Kevin’s left hand came up before the squeeze was complete and smacked the gun to one side. The bullet went off and blew the brains out of the man on Kevin’s right. The spy’s left elbow shot backwards, crushing the other guard’s throat, as his right hand blurred forward, grabbing the barrel of the gun, holding it down. The weapon discharged again, and the Senator pulled it out of Kevin’s hand, grinned and pulled the trigger. And pulled it twice, for a double tap to Kevin’s forehead.
And nothing happened.
Kevin grinned, then ripped the gun out of the Senator’s hand. “I held the barrel for the second shot.” He racked the slide, popping the next round into place. “On these older guns, the slide needs to work so the next bullet can enter the chamber. Let me show you.”

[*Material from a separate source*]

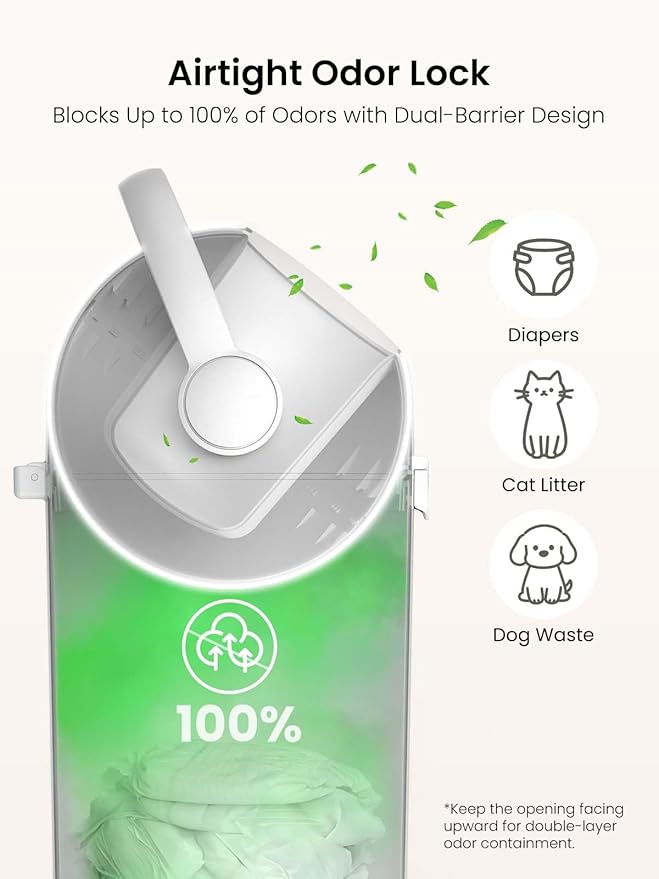 Grownsy Baby Diaper Pail, Odor-Locking Roll-Top Design, No Special Bag Required, One-Handed Use & Compact Design, Eco-Friendly Diaper Trash Can, Newborn Essentials, White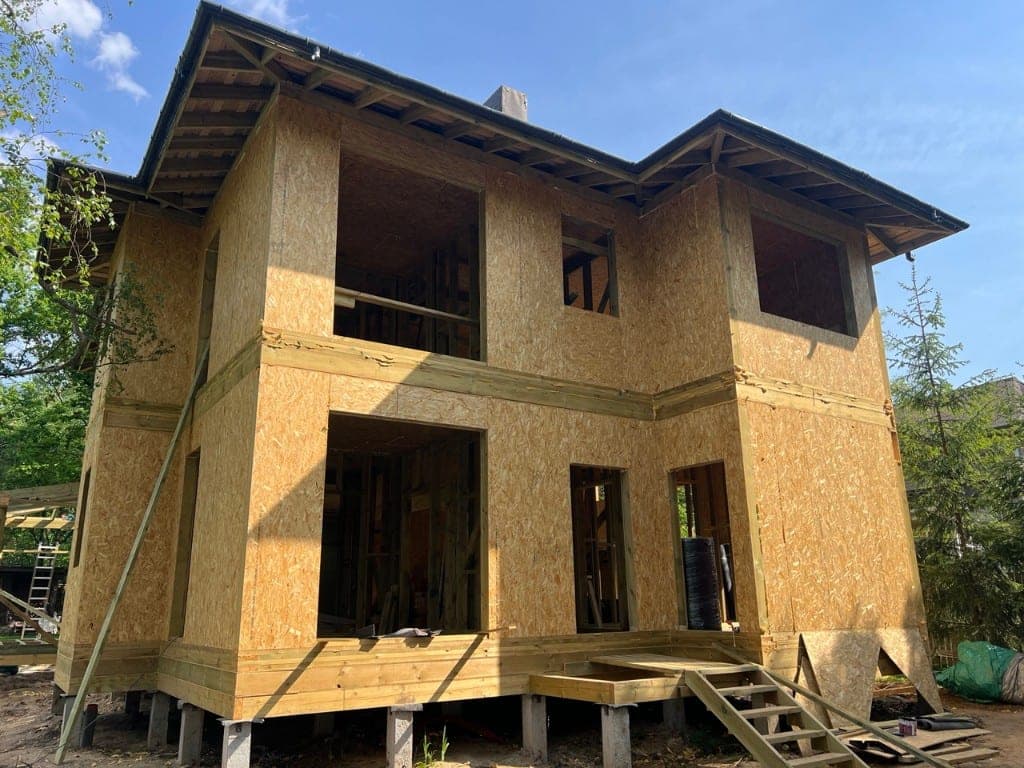 Строительство дома 130 м² в Кокошкино — финишные работы на участке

Kevin fired, kneecapping the Senator. He screamed in pain, falling over. The next bullet came at a downward angle, piercing both the kneecap and down through the femur, hollowing out the bone of marrow as well as shattering it. Friedman shrieked in pain.
Kevin grinned. “Oh, so sorry, Senator, you forgot something—you had this room soundproofed. I don’t know why, you claimed in an interview it was for meditative purposes.” He glanced at the French windows leading to the balcony. “I seriously doubt it.”
Kevin was about to stomp on the Senator’s leg when two shots slammed into him, knocking him over. Friedman could barely even think through the pain, but he could see the figure swathed in black land on his balcony, gun ahead, and watched the form slink through the window. It was almost definitely a woman, very lithe in movement, and quite deadly.
“Mandy,” Friedman squeaked. He cleared his throat. “Mandy, you’re here?”
She nodded, and crouched down to take Kevin Anderson’s pulse. Friedman’s only thought—and it was an odd one at that—was that she was such an amazingly tiny woman.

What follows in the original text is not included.